At the same time, yMusic has thrust him “right in the deep end” of learning and interpreting dozens of new classical scores and introduced him to the varied non-classical musicians yMusic teams with. “It was interesting to get a crash course in that side of industry as well,” he said. “Playing with yMusic has broadened and balanced out who I am as musician.”
Cabezas also regularly performs with the Dolce Suono Ensemble in Philadelphia, which has premiered more than 55 chamber works since its founding by flutist Mimi Stillman in 2005. He started playing with the group after graduating from the Curtis Institute of Music, which is based in that city. “It’s another interesting situation where you have a melding of different worlds and different kinds of music,” he said. “Mimi believes a lot in commissioning new music and also believes deeply in the traditional repertoire, so we get to mix that together, which also has been very fun.”
Cabezas spent most of his childhood on the North Shore, graduating from New Trier High School.
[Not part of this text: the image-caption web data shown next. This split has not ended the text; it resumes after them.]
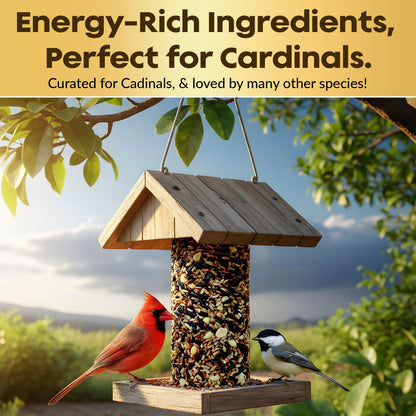 Cardinal Bird Seed Cylinders with Hole – Premium Cardinal Bird Seed Mix Curated for Cardinals & Also Loved by Blue Jays & Woodpeckers – Long Lasting, All Natural, No Fillers, USA Made (4" x 7.75")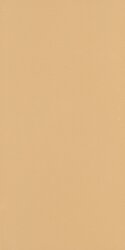 Плитка (45x90) Tecnika Amber Mate - Tecnika Плитка (45x90) Tecnika Amber Mate - Tecnika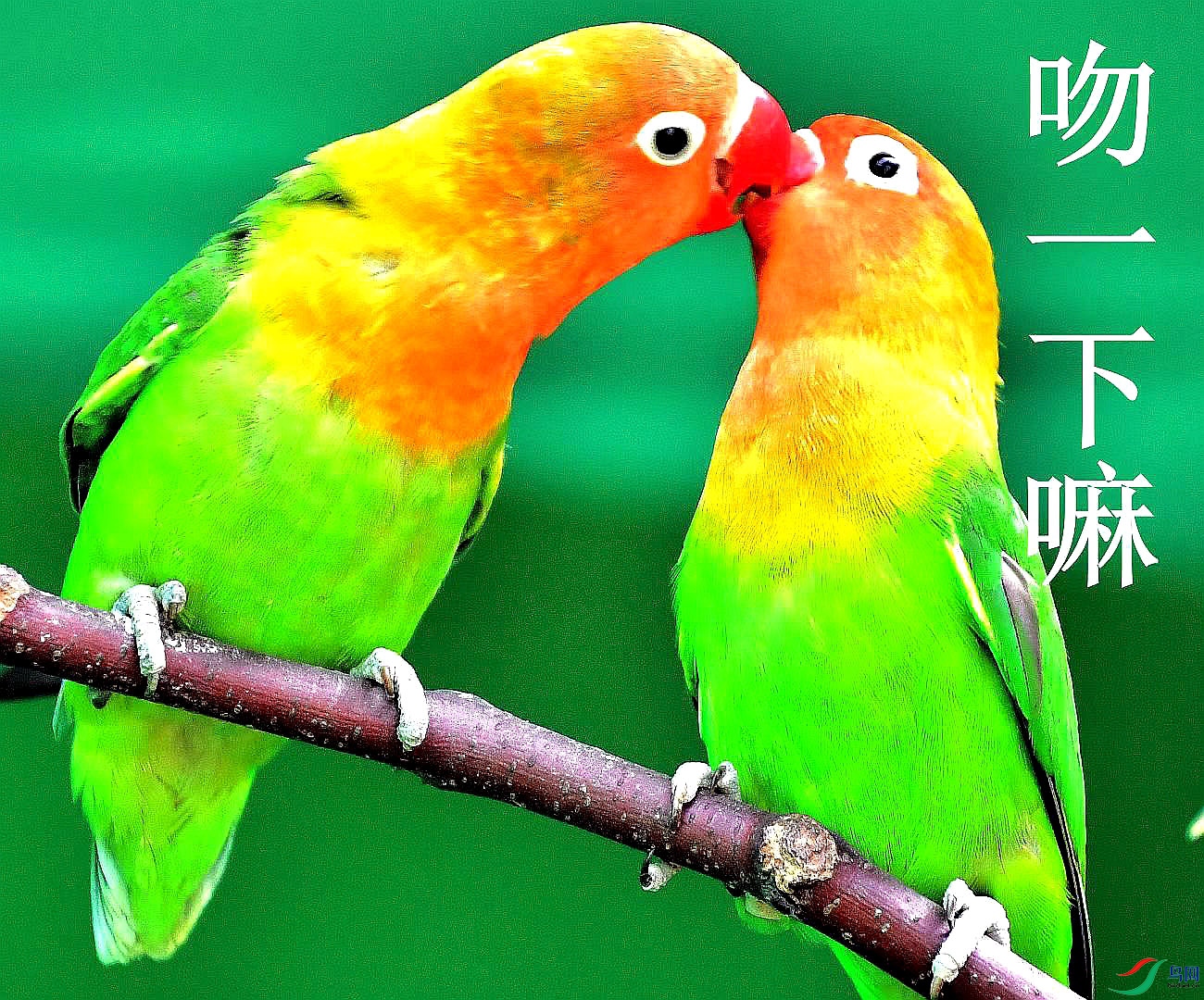 ��һ����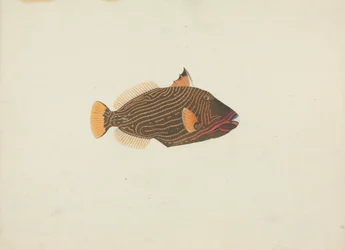Unidentified Fish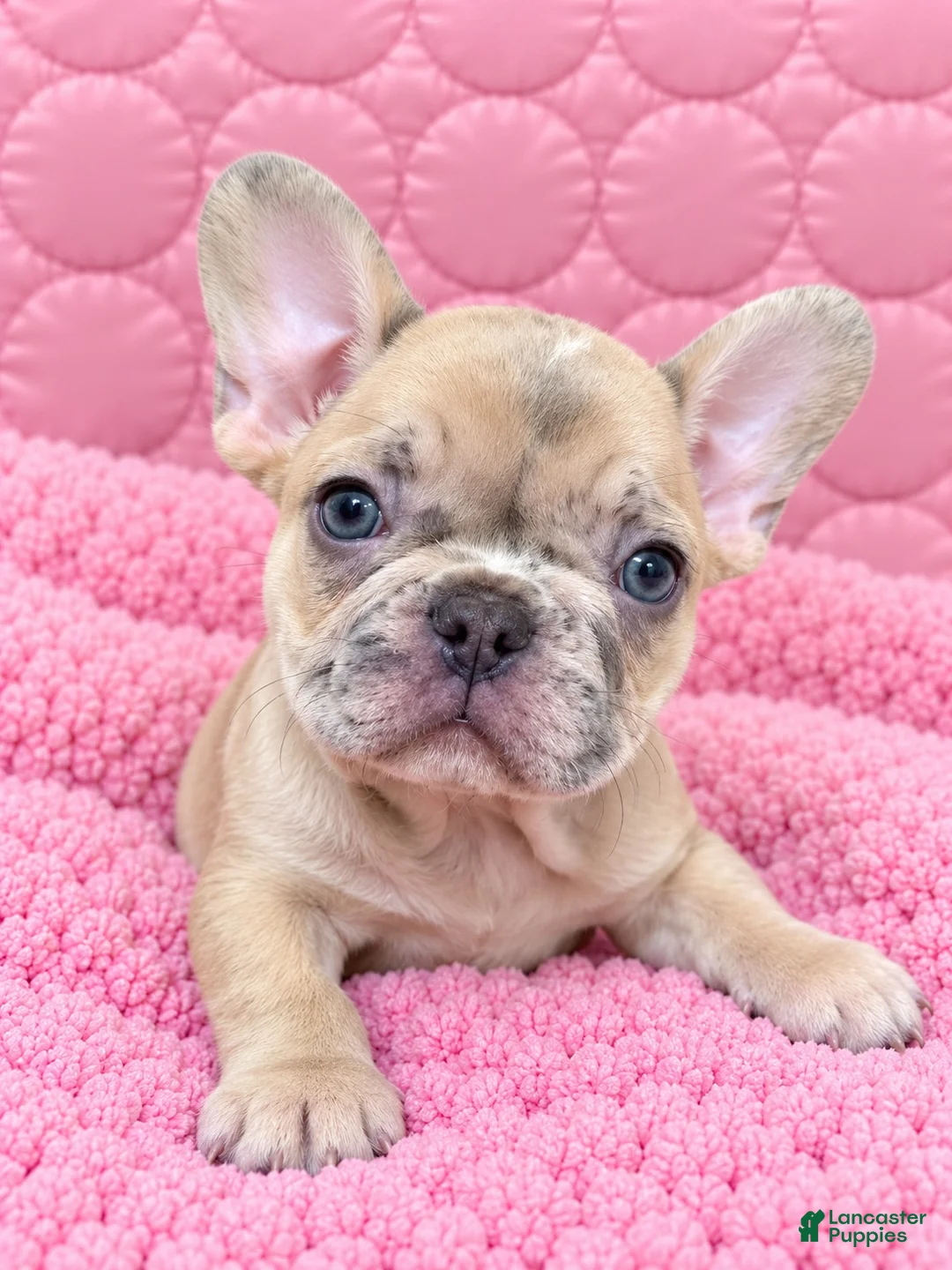 French Bulldog dogs for sale: French Bulldog 6 - Ad 1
He was interested in music from a young age, and his parents enrolled him in a Suzuki program, which had a need for cello students, so he started on that instrument. “And I ran with it and, at a certain point, really loved it,” he said.
He took private lessons from Hans Jensen, a professor of cello at Northwestern University, and was a member of the debut class of the Music Institute of Chicago’s now well-established Academy, which competes with such elite programs as the pre-college division of the Juilliard School in New York City and the Colburn School in Los Angeles.
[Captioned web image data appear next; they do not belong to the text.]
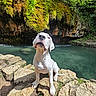 dog, white_dog, rock, water, pool, moss, cliff, forest, nature, outdoor, sunlight, greenery, canine, animal, pet, sitting, landscape, scenic, wildlife, adventure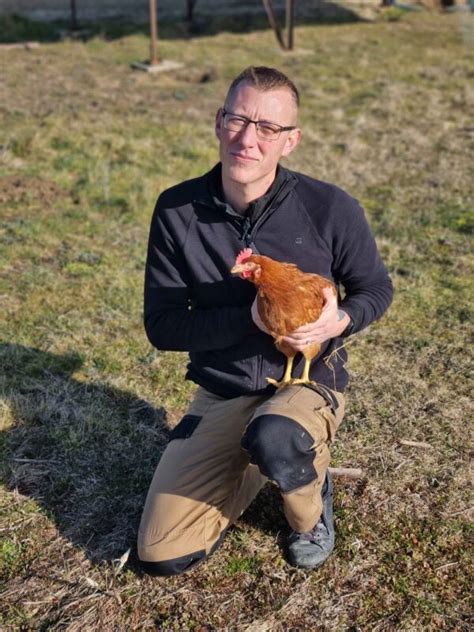 Fabien Cridelich Notre Basse Cour Elevage De Poules Pondeuses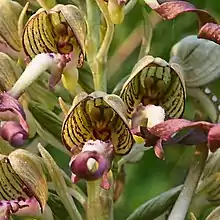 Bocksriemenzunge (Himantoglossum hircinum)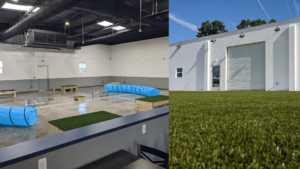 Photos of an empty indoor dog park with two blue crawling tubes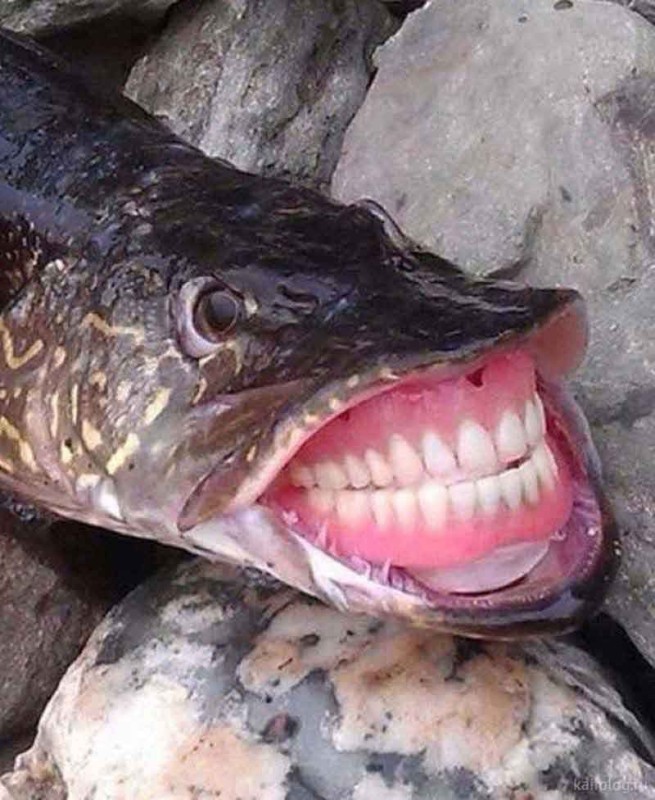 Create meme: snakehead monster, pike ordinary teeth, fish pike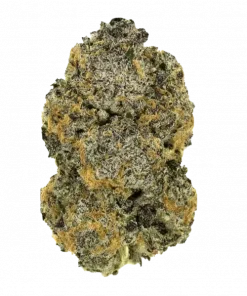 Velvet Lushers, yakıtımsı ve kremsi notalarıyla öne çıkan Indica dominant bir türdür. Stres ve anksiyeteye karşı potansiyel faydalarını keşfedin. Hemen görüntüleyin.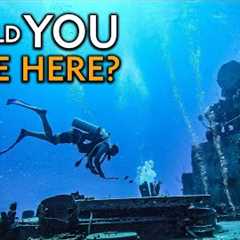 Top 10 Unforgettable National Park Scuba Dives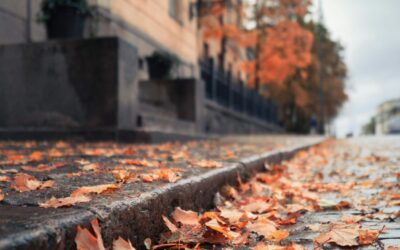 Consejos de Administrador de Fincas en Noviembre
Cabezas won first place twice in the Sphinx Competition: 2006 in the junior division and 2012 in the senior division. The annual contest is organized by the Sphinx Organization, a Detroit-based group that promotes the participation of people of color in classical music. He has gone on to work with the group’s community engagement and education programs. In 2016, he won the Sphinx Medal of Excellence, a career grant for up-and-coming artists.
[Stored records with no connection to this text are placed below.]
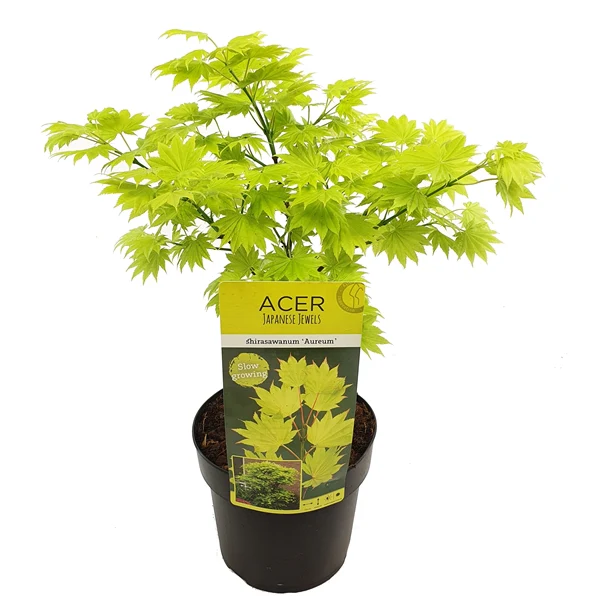 Acer shirasawanum Aureum - Image 2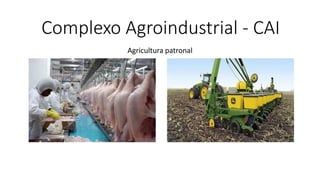 Complexo Agroindustrial - CAI
Agricultura patronal
 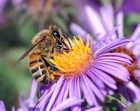 European honey bee eating nectar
In June 2021, Cabezas released the album “Lost Coast,” which features music for solo cello that Gabriella Smith wrote with him in mind. He and Smith met at Curtis and were roommates during their last year of school and were later roommates in New York as well. “We have been good friends going on 12 years, so we’ve also talked about music together and thought about music together,” he said.
Inspired by Smith’s reflections on climate change, the album began as notes for a work for cello and orchestra. While assembling her compositions, Smith creates what Cabezas called “vocal mock-ups,” little recordings of her singing sections from the work, which he said can be as affecting as the final versions with the instruments that were meant to perform them. For “Lost Coast,” the two decided to record the piece with Smith singing the wind parts and Cabezas doing all the strings, and they sampled kitchen equipment for the percussion. The album was named one of NPR Music’s “26 Favorite Albums of 2021 (So Far),” and the New York Times declared it a “Classical Album to Hear Right Now.”
Smith has gone on to finish the cello concerto, adding elements that the two created for the recording, sort of art influencing art. The Los Angeles Philharmonic will debut the completed work in May 2023, with Gustavo Dudamel conducting and Cabezas as soloist.
As reviews of “Lost Coast” album have indicated, the premiere of the orchestral version promises to be an event. The Great Northern podcast declares: “ ‘Lost Coast’ sees Cabezas’ virtuosic cello playing layered acoustically with Smith’s arresting vocals to create an addictive and unexpected palette, deployed with Smith’s trademark compositional ingenuity.”
Gabriel Cabezas definitely has arrived.